Au lieu de chercher une cause première, il faut donc essayer de comprendre comment ces multiples plans ont pu s’arrimer les uns aux autres, par quel enchaînement de causes et d’effets ces deux univers culturels ont pu prendre forme et s’opposer de plus en plus nettement à l’autre. Cela est particulièrement important pour Le Nigog, dont la cohérence globale a été trop peu étudiée, mais vaut tout autant pour le régionalisme, dont certains aspects recevraient une lumière neuve grâce à une telle étude. Pour ce faire, il faut réexaminer les sociabilités, le mode de vie et les représentations qu’on en faisait [48]. Découvrir les acteurs des réseaux littéraires et la sociabilité qui les anime, de même que les habitus propres aux divers milieux littéraires, cela nous révèle bien plus que des anecdotes biographiques ; car, comme l’indique le cas du Nigog, la sociabilité peut être un indice des valeurs esthétiques ou politiques prisées par un groupe et les habitus peuvent devenir des enjeux dans les luttes pour l’obtention du capital symbolique. Ainsi, la mondanité fut, pour les exotiques et les régionalistes, le signe par excellence de ce qui les séparait : signe de distinction, d’élégance et d’élitisme culturel pour ceux du Nigog, signe de snobisme, d’urbanité, voire d’extériorité à la culture canadienne-française pour les régionalistes.
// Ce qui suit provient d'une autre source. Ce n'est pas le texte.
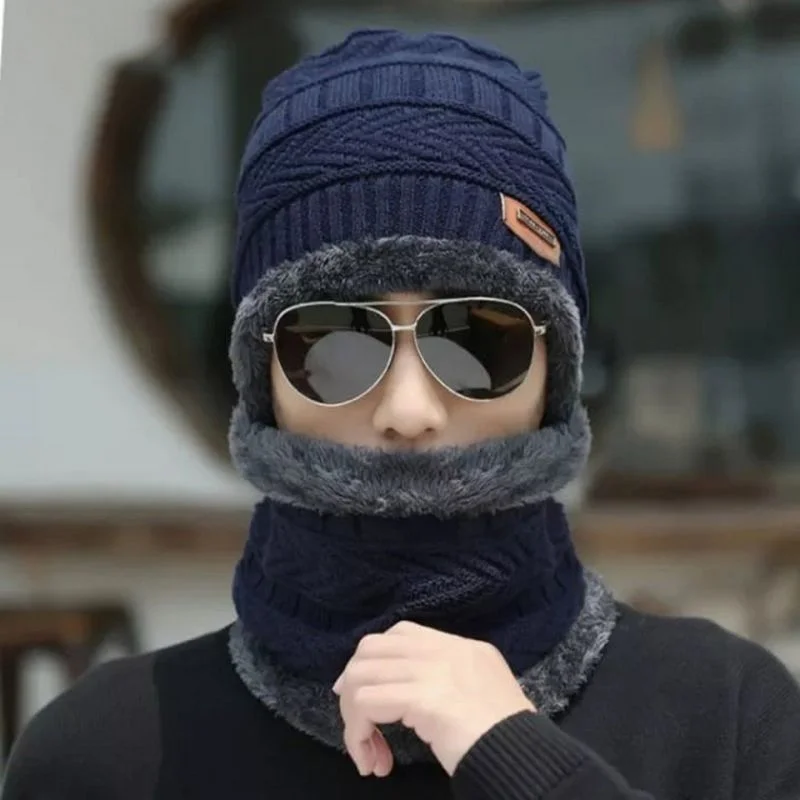 Winter Wool Cap with Neck Warmer Set | Thermal Beanie & Scarf Combo for Men and Women | Blue And Gray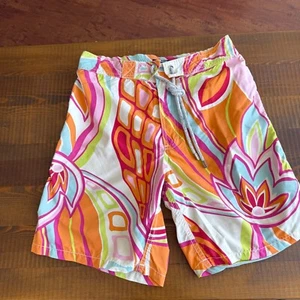 Men Swim Trunks Classic cut  M Vilebrequin flowers blue orange - Picture 1 of 4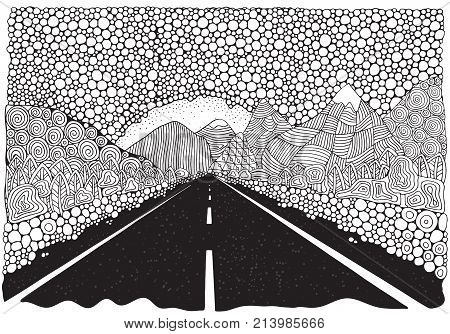 Long Car Highway Stretching Into The Distance And Mountains. Landscape. Anti Stress Coloring Book Pa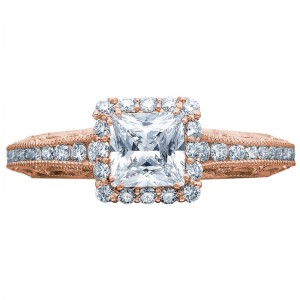 2618PR-45PK Reverse Crescent Rose Gold Princess Cut Engagement Ring 0.45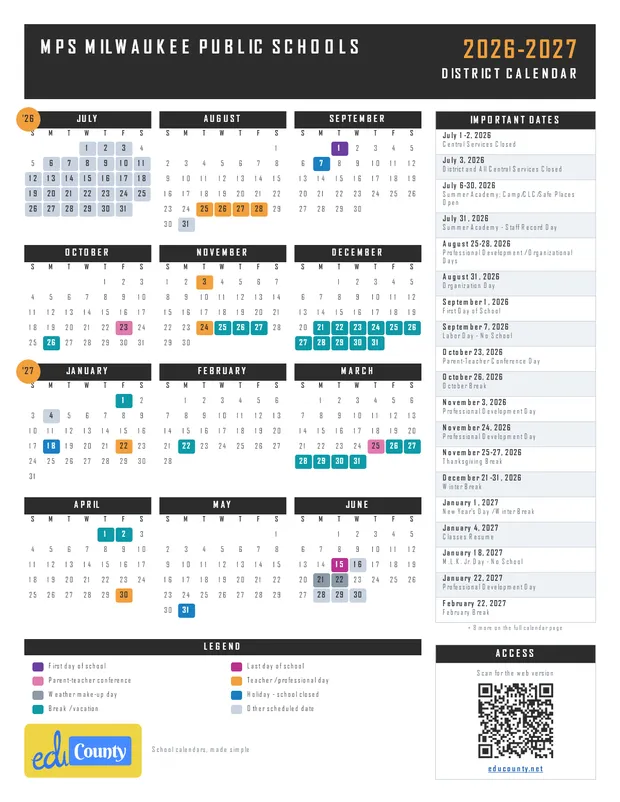 MPS Milwaukee Public Schools printable 2026-27 calendar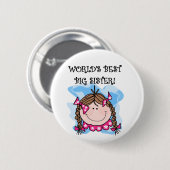 Brunette World's Best Big Sister Tshirts and Gifts Ronde Button 5,7 Cm (Voorkant /achterkant)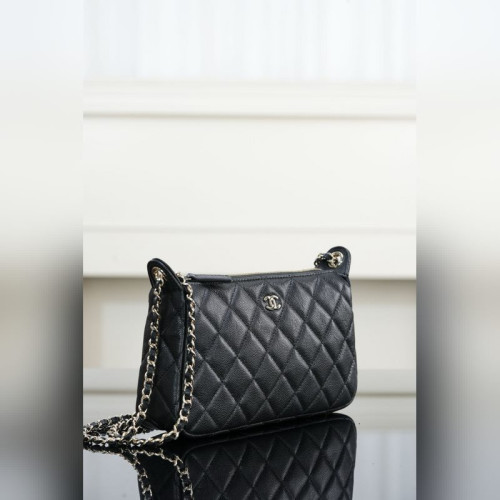 頂級進口原廠皮Chanel 25A隐藏款 麻将包 黑金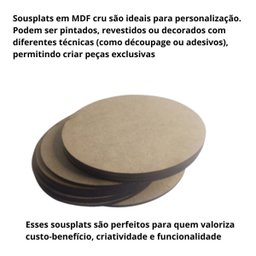 Suplat Sousplat Soupla Supla 10cm Kit com 50 Mdf Cor Cru - 4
Comprendre comment et pourquoi la mondanité a pu prendre une telle importance, cela ne peut être résolu ici. Trop de données manquent, du fait de l’absence de recherches documentaires consacrées à ce phénomène. De plus, comme la mondanité est liée aux tensions entre univers rural et urbain, entre notables et grands bourgeois, entre conservatisme et une certaine modernité, entre autonomie ou dépendance culturelle face à la France, entre appartenance au Canada ou au Canada français, son explication exige de recourir à la démographie, à la sociologie, à l’histoire culturelle et à l’histoire littéraire, et nécessite d’importants travaux d’approche. Objet éminemment interdisciplinaire, elle n’a pourtant été abordée par pratiquement aucune discipline. Nous ne pouvons qu’en appeler à une redécouverte et à une relecture de ce qui a été un phénomène majeur de la vie culturelle au Québec.